**INSTRUCTIONS FOR THE TASK**
Please give the lines below again exactly as they stand, from the one that contains "Comparison of energy" up to and including the one that contains "First thing I", leaving all pictures out.

**INPUT FOR THIS TASK**
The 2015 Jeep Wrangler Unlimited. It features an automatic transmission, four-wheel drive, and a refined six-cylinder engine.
...
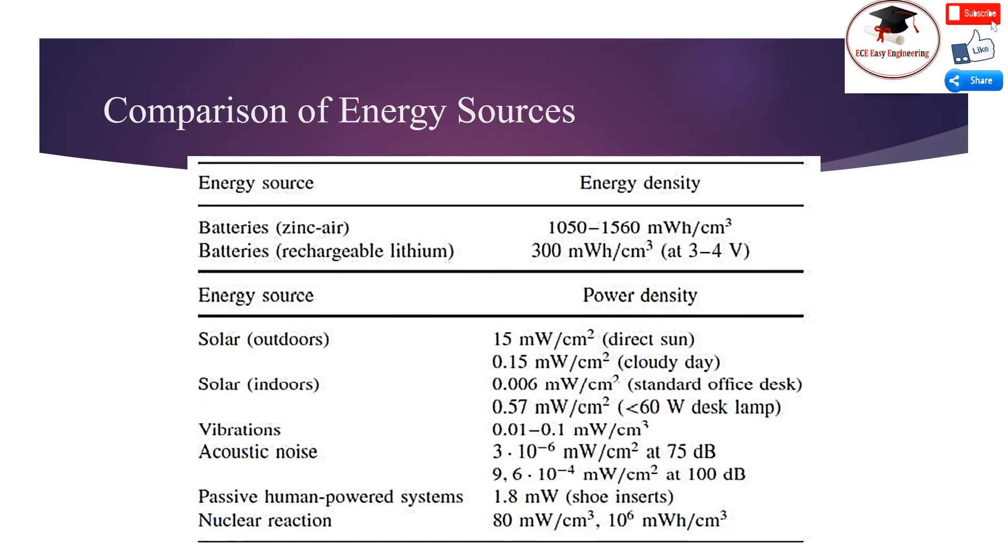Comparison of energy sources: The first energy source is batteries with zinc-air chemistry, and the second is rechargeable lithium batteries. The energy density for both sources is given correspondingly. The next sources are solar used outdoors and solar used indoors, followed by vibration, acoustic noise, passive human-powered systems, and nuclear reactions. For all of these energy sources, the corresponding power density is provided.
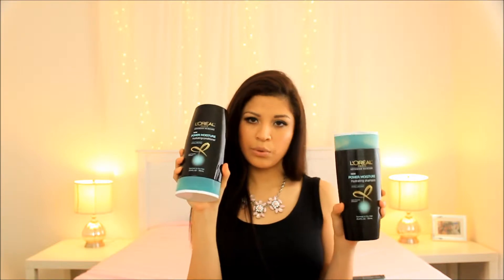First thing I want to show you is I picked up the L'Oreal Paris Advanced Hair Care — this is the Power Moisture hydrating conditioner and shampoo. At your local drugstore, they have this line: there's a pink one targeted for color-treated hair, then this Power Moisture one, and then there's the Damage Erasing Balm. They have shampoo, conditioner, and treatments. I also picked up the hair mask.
==
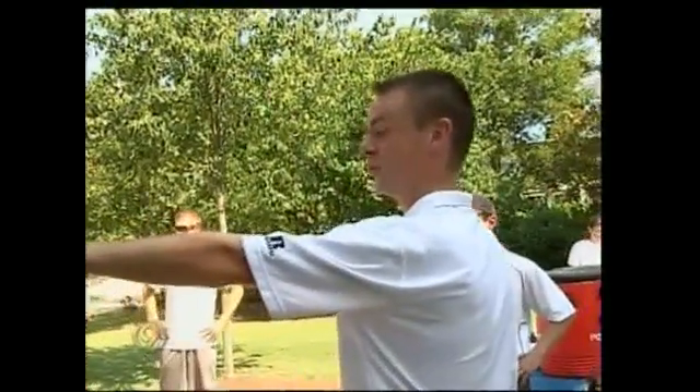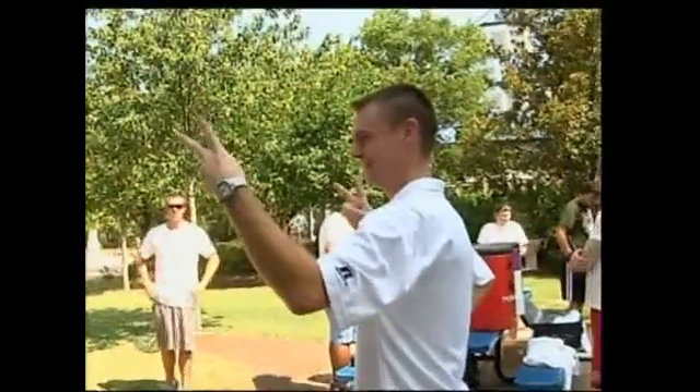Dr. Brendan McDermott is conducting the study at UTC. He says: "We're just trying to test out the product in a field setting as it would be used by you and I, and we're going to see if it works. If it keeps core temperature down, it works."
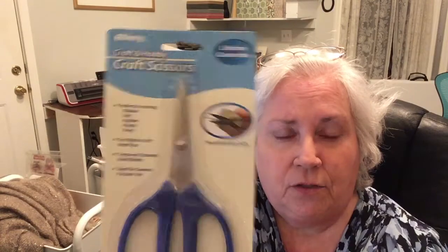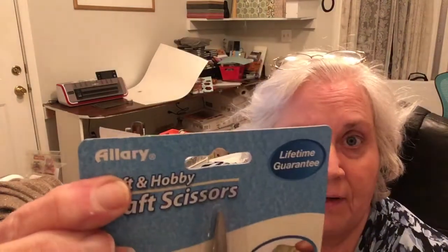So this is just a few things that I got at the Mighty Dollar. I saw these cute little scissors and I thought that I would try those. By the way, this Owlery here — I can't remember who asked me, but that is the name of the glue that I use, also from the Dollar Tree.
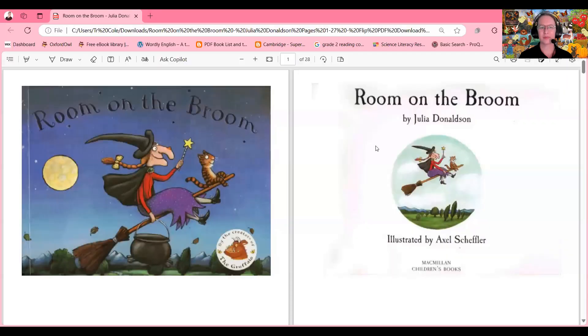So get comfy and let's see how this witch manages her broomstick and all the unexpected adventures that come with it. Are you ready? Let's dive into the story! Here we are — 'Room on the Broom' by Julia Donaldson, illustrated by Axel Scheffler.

**OUTPUT**
Comparison of energy sources: The first energy source is batteries with zinc-air chemistry, and the second is rechargeable lithium batteries. The energy density for both sources is given correspondingly. The next sources are solar used outdoors and solar used indoors, followed by vibration, acoustic noise, passive human-powered systems, and nuclear reactions. For all of these energy sources, the corresponding power density is provided.
First thing I want to show you is I picked up the L'Oreal Paris Advanced Hair Care — this is the Power Moisture hydrating conditioner and shampoo. At your local drugstore, they have this line: there's a pink one targeted for color-treated hair, then this Power Moisture one, and then there's the Damage Erasing Balm. They have shampoo, conditioner, and treatments. I also picked up the hair mask.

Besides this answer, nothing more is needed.